How to Win the Disruption Wars

Insights into the battle and the state of the industry’s defenses
Photograph by Francisco Gonzalez

CHICAGO — As Gray Taylor prepared for his presentation at the NACS State of the Industry Summit, he noticed a buzzard—or was it a wild turkey?—sitting outside his hotel room window. He considered it an omen, and not a good one.

It’s not as if the disruptors of the world are circling convenience stores specifically. They’re circling the idea of friction and a lack of convenience for consumers in every market. “Every business is in the convenience business,” said Taylor, executive director of Conexxus, Alexandria, Va.

Disruption comes in two phases, or loops, he said. During the first loop, a disruptor enters a market with lower pricing and a better value proposition, usually driven by digital tech. For instance, Taylor pointed to numbers from MIT Sloan Management Review showing that 85% of GPS manufacturers’ market cap disappeared when Google launched Google Maps.
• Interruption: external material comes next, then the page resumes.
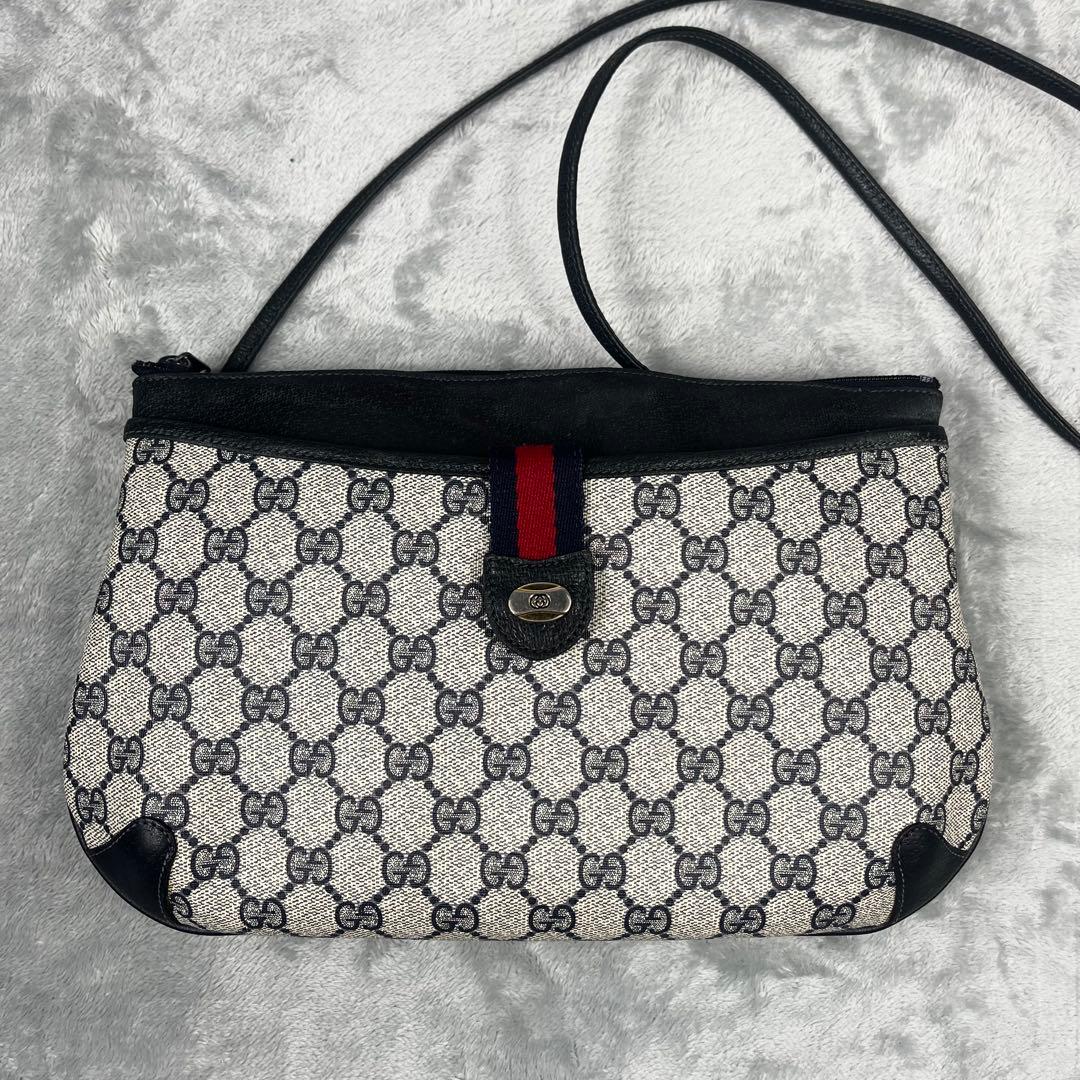 Gucci グッチ ショルダーバッグ 斜め掛け◎ GG ネイビー シェリーライン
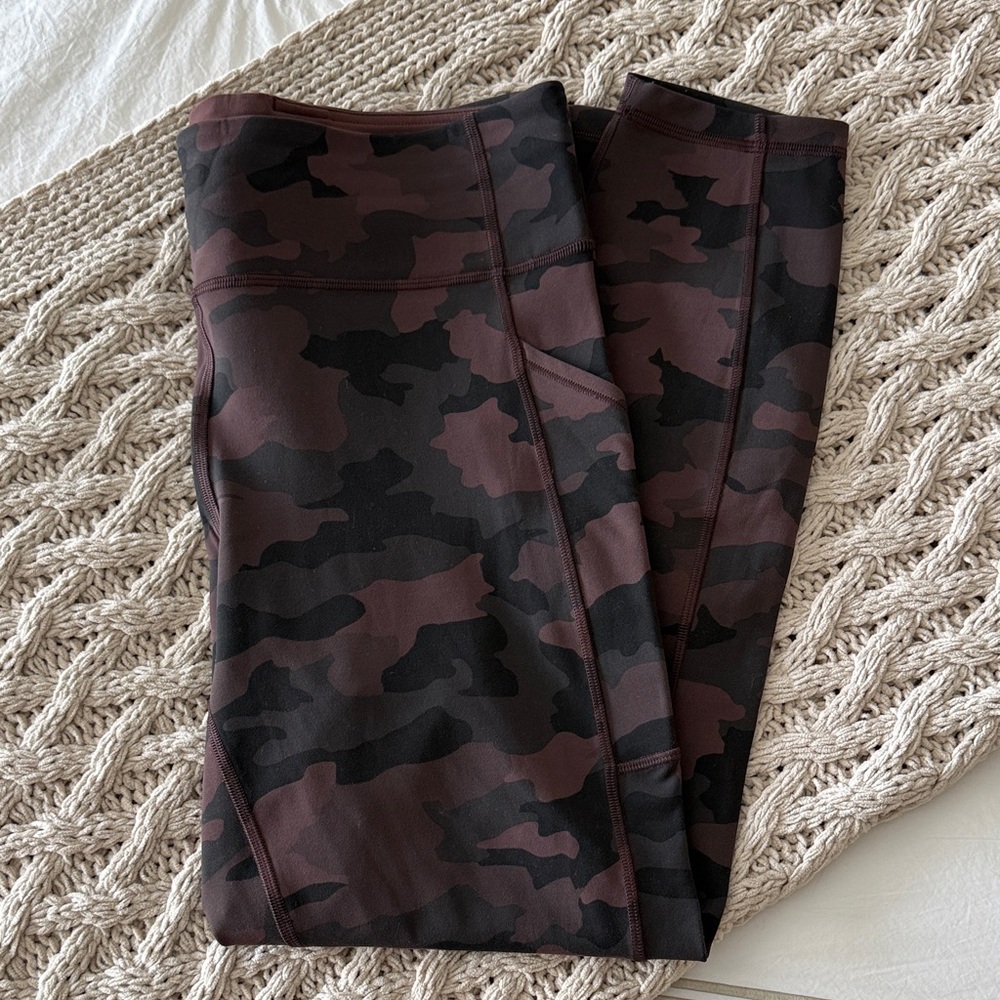 Lululemon Invigorate HR 25 inch Tight Camo Pattern Size 12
Then comes the second loop, which Taylor referred to ominously as the “Red Queen.” He cited a section in the novel “Alice in Wonderland” by Lewis Carroll in which the queen forces everyone else to work twice as hard to run at their normal speed. In the context of disruption, once a disruptor establishes market dominance, legacy businesses are forced to scramble to outdo each other to survive. Data from MIT Sloan Management Review shows that these Red Queen disruptors shave 30% from a market’s revenue and profit growth. As an example, Taylor pointed to FedEx and UPS. One introduced real-time package tracking and the other followed shortly thereafter.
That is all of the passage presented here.